Task material:
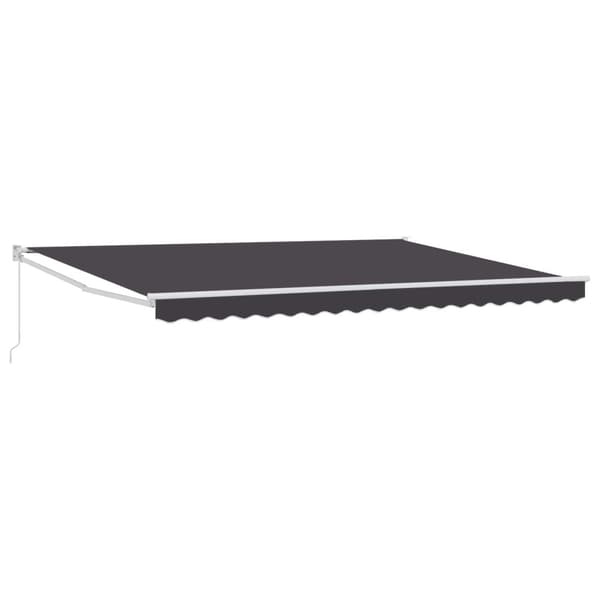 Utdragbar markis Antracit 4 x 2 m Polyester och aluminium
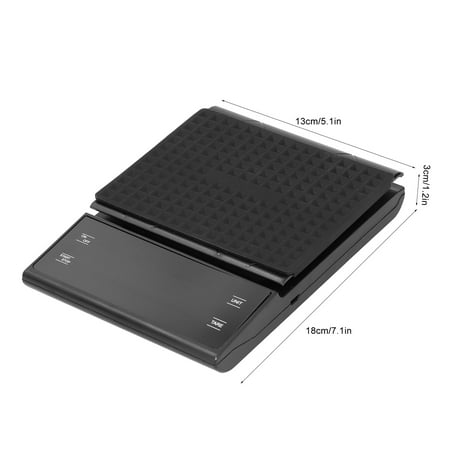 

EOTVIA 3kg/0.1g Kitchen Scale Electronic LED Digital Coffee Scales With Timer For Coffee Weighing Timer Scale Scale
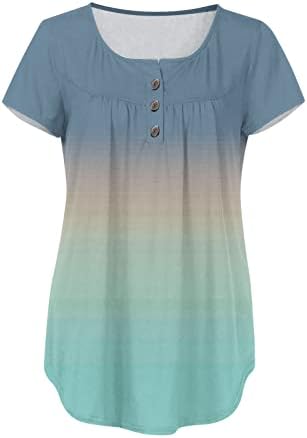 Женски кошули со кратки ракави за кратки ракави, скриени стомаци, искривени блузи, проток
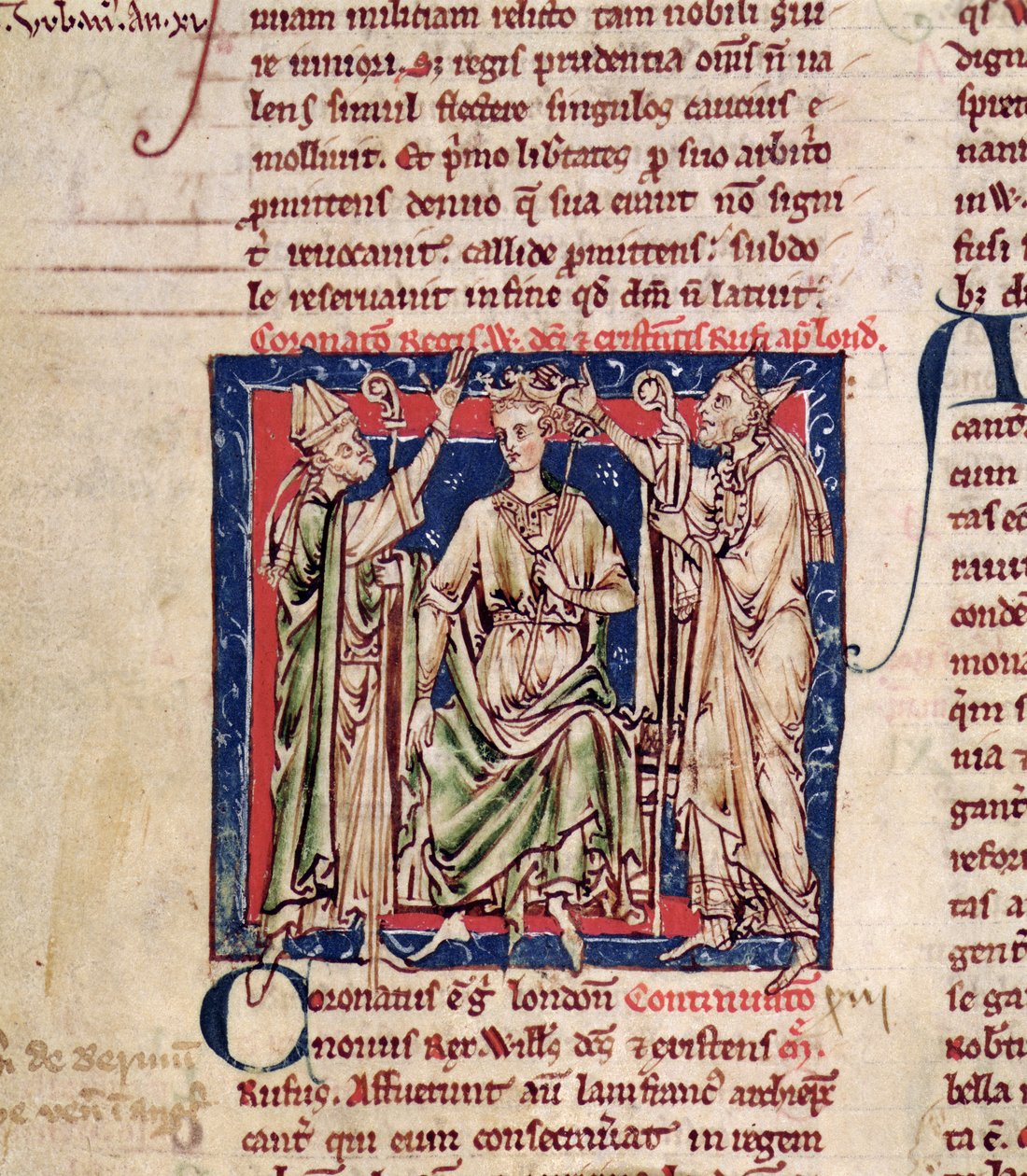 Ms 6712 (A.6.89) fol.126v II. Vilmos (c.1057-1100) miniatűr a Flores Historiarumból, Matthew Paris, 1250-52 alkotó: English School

--

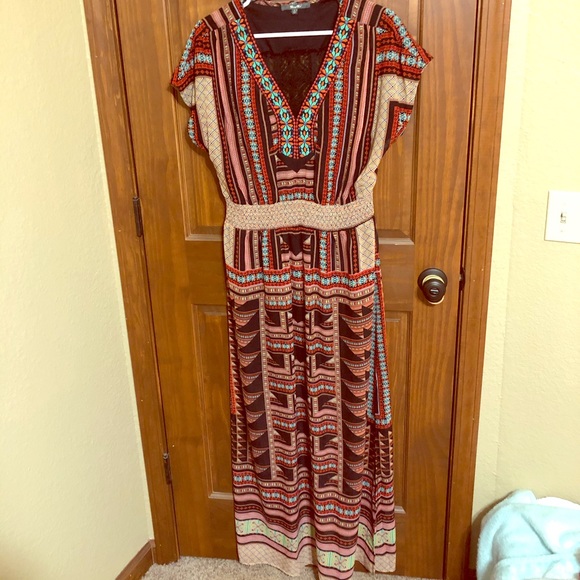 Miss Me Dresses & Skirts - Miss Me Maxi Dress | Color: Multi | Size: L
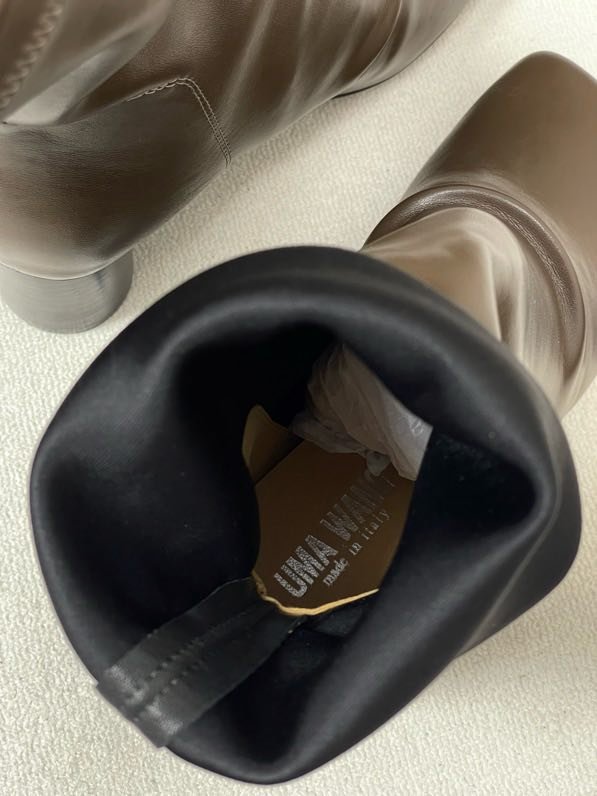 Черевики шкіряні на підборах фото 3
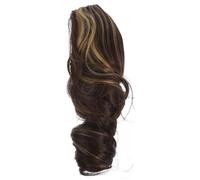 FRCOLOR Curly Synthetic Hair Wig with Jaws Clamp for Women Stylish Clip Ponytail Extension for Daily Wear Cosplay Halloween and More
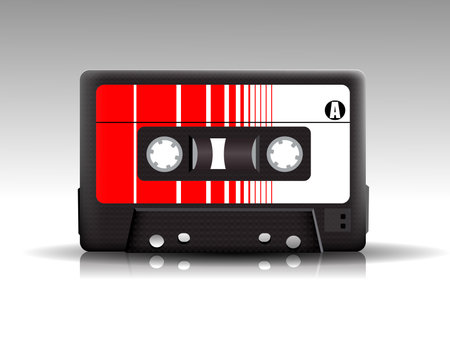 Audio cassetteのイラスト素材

How to complete this task: Above are the records; restate exactly the lines from the one containing "Женски кошули со" through the one containing "Ms 6712 (A.6.89)", keeping pictures out.

Output of the exercise:
 Женски кошули со кратки ракави за кратки ракави, скриени стомаци, искривени блузи, проток
 Ms 6712 (A.6.89) fol.126v II. Vilmos (c.1057-1100) miniatűr a Flores Historiarumból, Matthew Paris, 1250-52 alkotó: English School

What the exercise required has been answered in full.